India has an abundance of affordable engineers, but their smaller salaries alone cannot beat the competition. That leaves an Indian company like Skyroot concentrating on more specialized services.

“We are more like a cab,” Mr. Chandana said. His company charges higher rates for smaller-payload launches, whereas SpaceX “is more like a bus or a train, where they take all their passengers and put them in one destination,” he said.

SpaceX propelled India’s start-up energies toward space. By the time Mr. Modi made it a priority, some of ISRO’s own engineers were getting into the game, including Mr. Chandana of Skyroot and his partner, Bharath Daka, 33.

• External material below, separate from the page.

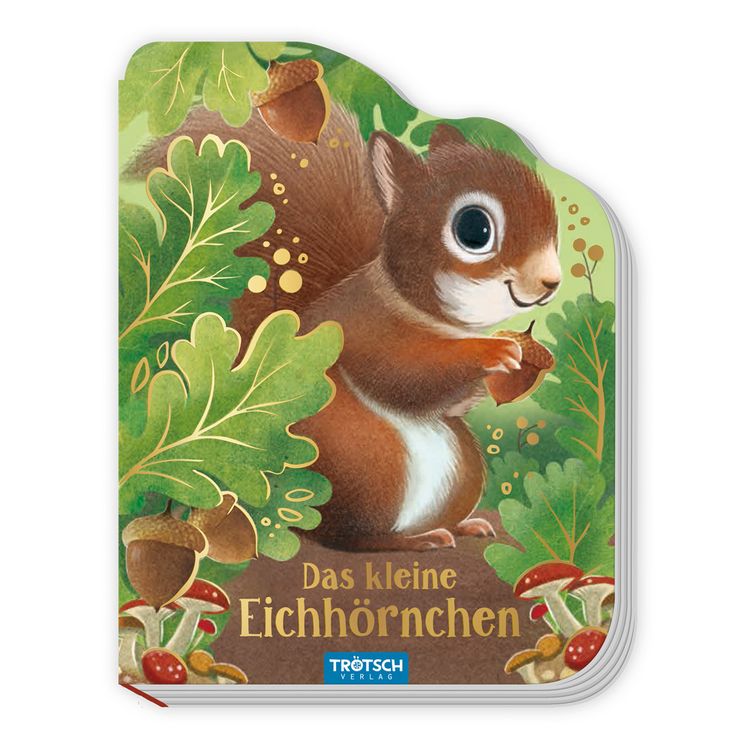 Produktbild: TR&Ouml;TSCH - Pappenbuch Das kleine Eichh&ouml;rnchen| Ab 1 Jahr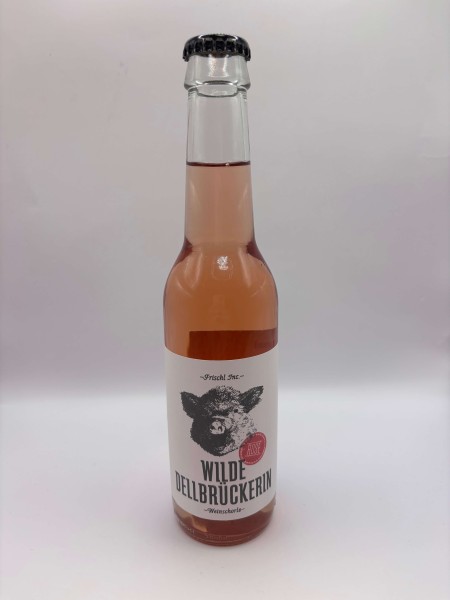 Wilde Dellbrückerin Weinschorle rosé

One of India’s advantages is geopolitical. Two countries that have long offered lower-cost options for launches are Russia and China. But the war in Ukraine has all but ended Russia’s role as a competitor. OneWeb, a British satellite start-up, took a $230 million hit after Russia impounded 36 of its spacecraft in September. OneWeb then turned to India’s ISRO to send its next constellation of satellites into orbit. Likewise, the U.S. government would be more likely to approve any American company’s sending military-grade technology through India than through China.

India’s vendor ecosystem is staggering in size. Decades of doing business with ISRO created about 400 private companies in clusters around Bengaluru, Hyderabad, Pune and elsewhere, each devoted to building special screws, sealants and other products fit for space. One hundred may collaborate on a single launch.

Skyroot and Dhruva work in the relatively sexy sectors of launch and satellite delivery, but together those account for only 8 percent of India’s space business pie. A much bigger slice comes from companies that specialize in collecting data beamed by satellite.

Pixxel is a notable start-up in that area. It has developed an imaging system to detect patterns on the Earth’s surface that lie outside the range of ordinary color vision. It has headquarters in Bengaluru and an office in Los Angeles — as well as a contract with a secretive agency within the Pentagon. Even bigger chunks of the satellite business will inevitably go to consumer broadband and TV services, beamed down from low orbit.

In Skyroot’s hangar, its engineers turned entrepreneurs, educated at two of the original Indian Institutes of Technology and given on-the-ground experience working at ISRO, talk the language of venture-capital funding. After “the seed round,” Mr. Chandana recounts, “next is the series A, that was around 11 million, and then there’s a bridge round of 4.5 million.”

Their company is now valued at $68 million, after four rounds. But they have no plans to cash out anytime soon. They are palpably more excited about the science than the business, which neither of them studied. Running a company, Mr. Chandana said, is “just common sense.”